Nel Mezzogiorno, a partire dagli anni ’60, sono state trapiantate molte realtà industriali. In larga parte industria pesante e ad alto livello di impatto ambientale. Un processo, in molti casi, fatto dall’alto, ma che ha comunque portato alla nascita di diverse eccellenze. Oggi, nella logica della transizione energetica il Sud può diventare un hub molto importante per il paese, grazie all’energia eolica e solare, senza dimenticare che, in prospettiva, sarà l’idrogeno a garantire quella continuità energetica indispensabile per il funzionamento dell’industria, che le rinnovabili non possono garantire. È necessario dare nuovi obiettivi industriali al Sud insieme alla sua “ naturale” centralità nel nuovo sistema energetico e nella conseguente sovranità energetica del paese.
Come valuta le iniziative del governo per uscire dalla dipendenza energetica con la Russia?

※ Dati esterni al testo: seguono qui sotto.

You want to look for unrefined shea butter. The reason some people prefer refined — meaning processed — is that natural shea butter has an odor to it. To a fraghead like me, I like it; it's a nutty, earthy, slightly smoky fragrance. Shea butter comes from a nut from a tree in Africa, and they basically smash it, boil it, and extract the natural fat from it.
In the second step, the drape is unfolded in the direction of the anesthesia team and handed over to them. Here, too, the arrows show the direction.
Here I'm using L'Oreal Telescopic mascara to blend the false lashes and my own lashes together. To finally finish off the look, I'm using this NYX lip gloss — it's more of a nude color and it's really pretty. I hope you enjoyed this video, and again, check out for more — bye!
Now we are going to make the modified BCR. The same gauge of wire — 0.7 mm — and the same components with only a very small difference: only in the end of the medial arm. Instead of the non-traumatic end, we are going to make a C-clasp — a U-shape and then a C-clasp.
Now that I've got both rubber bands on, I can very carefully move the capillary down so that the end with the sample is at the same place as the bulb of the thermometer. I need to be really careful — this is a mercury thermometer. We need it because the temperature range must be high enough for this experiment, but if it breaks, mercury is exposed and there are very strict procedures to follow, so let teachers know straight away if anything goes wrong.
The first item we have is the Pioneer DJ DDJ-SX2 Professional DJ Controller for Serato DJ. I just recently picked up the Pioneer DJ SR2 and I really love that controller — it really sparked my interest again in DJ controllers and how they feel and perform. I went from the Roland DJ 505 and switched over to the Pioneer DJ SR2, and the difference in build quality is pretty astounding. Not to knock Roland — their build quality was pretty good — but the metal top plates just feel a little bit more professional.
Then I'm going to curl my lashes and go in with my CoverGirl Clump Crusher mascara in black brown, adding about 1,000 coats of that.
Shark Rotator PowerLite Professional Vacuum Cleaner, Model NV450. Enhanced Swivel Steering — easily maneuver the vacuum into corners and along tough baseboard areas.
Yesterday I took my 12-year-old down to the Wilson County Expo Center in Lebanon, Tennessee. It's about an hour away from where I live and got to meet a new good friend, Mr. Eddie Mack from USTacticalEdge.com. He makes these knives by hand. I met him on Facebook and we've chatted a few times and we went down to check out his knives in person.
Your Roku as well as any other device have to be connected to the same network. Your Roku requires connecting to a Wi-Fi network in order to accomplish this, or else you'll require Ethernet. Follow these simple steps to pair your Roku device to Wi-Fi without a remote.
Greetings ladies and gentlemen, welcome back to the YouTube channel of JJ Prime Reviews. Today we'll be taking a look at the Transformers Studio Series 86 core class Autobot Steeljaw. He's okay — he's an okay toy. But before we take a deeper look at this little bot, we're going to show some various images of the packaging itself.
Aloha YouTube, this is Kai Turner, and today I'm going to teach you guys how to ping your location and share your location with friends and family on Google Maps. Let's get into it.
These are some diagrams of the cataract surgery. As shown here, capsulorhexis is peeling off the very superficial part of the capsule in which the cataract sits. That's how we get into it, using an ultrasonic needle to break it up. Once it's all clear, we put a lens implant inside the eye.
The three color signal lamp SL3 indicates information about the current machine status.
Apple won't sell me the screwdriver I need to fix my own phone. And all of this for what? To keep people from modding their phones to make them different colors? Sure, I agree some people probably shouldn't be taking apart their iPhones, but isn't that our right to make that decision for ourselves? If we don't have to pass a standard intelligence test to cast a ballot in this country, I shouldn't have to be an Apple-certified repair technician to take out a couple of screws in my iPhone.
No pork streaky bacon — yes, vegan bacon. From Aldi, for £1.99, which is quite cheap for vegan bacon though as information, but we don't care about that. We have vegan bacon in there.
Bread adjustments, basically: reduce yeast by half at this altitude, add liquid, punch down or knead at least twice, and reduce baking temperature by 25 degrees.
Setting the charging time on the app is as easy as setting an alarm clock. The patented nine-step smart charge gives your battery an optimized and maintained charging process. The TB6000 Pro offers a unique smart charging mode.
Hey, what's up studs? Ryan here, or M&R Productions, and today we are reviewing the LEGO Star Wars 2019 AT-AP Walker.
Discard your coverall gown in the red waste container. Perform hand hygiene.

Il governo ha iniziato un processo alternativo di ricerca per l’approvvigionamento energetico che sta guardando all’Africa, a paesi come l’Egitto, l’Algeria e il Congo insieme ad un aumento, timido per la verità, della produzione nazionale.È una strategia inevitabile per sottrarci allo stretto legame che abbiamo instaurato con la Russia su questo versante, legame a tratti inquietante, ma che non è sufficiente. È importante che ci sia anche una forte spinta verso la semplificazione per un uso sempre più massiccio delle rinnovabili. In questo senso le semplificazioni previste nell’ultimo decreto legge vanno nella direzione giusta. Cambiare il nostro mix energetico e, conseguentemente, il nostro sistema industriale, è la sfida più grande che ci attende. Un cambiamento che dobbiamo realizzare mentre siamo in marcia perchè non possiamo fermarci, con il rischio di vedere la nostra industria estromessa dai mercati internazionali.
Sul nuovo pacchetto di sanzioni c’è stata la prima vera spaccatura del fronte europeo. Come legge questa notizia?
In Europa la situazione energetica dei vari paesi è molto eterogenea. Noi, più di altri, scontiamo la dipendenza dal gas russo, e questo lo stiamo sperimentando sulla pelle di lavoratori, famiglie e imprese. È una situazione che deve farci preoccupare perché, al momento, non siamo nelle condizioni per essere autonomi sul piano energetico. È chiaro che non tutti gli stati si relazionano alle sanzioni allo stesso modo, e non tutti gli Stati ne risentono in egual misura. Ma è importate dare un segnale politico unitario alla Russia, e sarebbe un grave errore dare l’immagine di un’Europa frammentata.
Che ruolo deve giocare l’Europa nella transizione energetica?
Non possiamo pensare che da soli, intendo noi europei, possiamo contribuire al benessere del pianeta di fronte alla crisi climatica. L’Europa, e tutto l’Occidente, ha la responsabilità di supportare anche gli altri paesi in questo processo. Abbiamo tecnologie e le conoscenze scientifiche per poter portare a compimento la transizione energetica ed aiutare quel processo di riconversione del sistema energetico di cui il pianeta ha bisogno.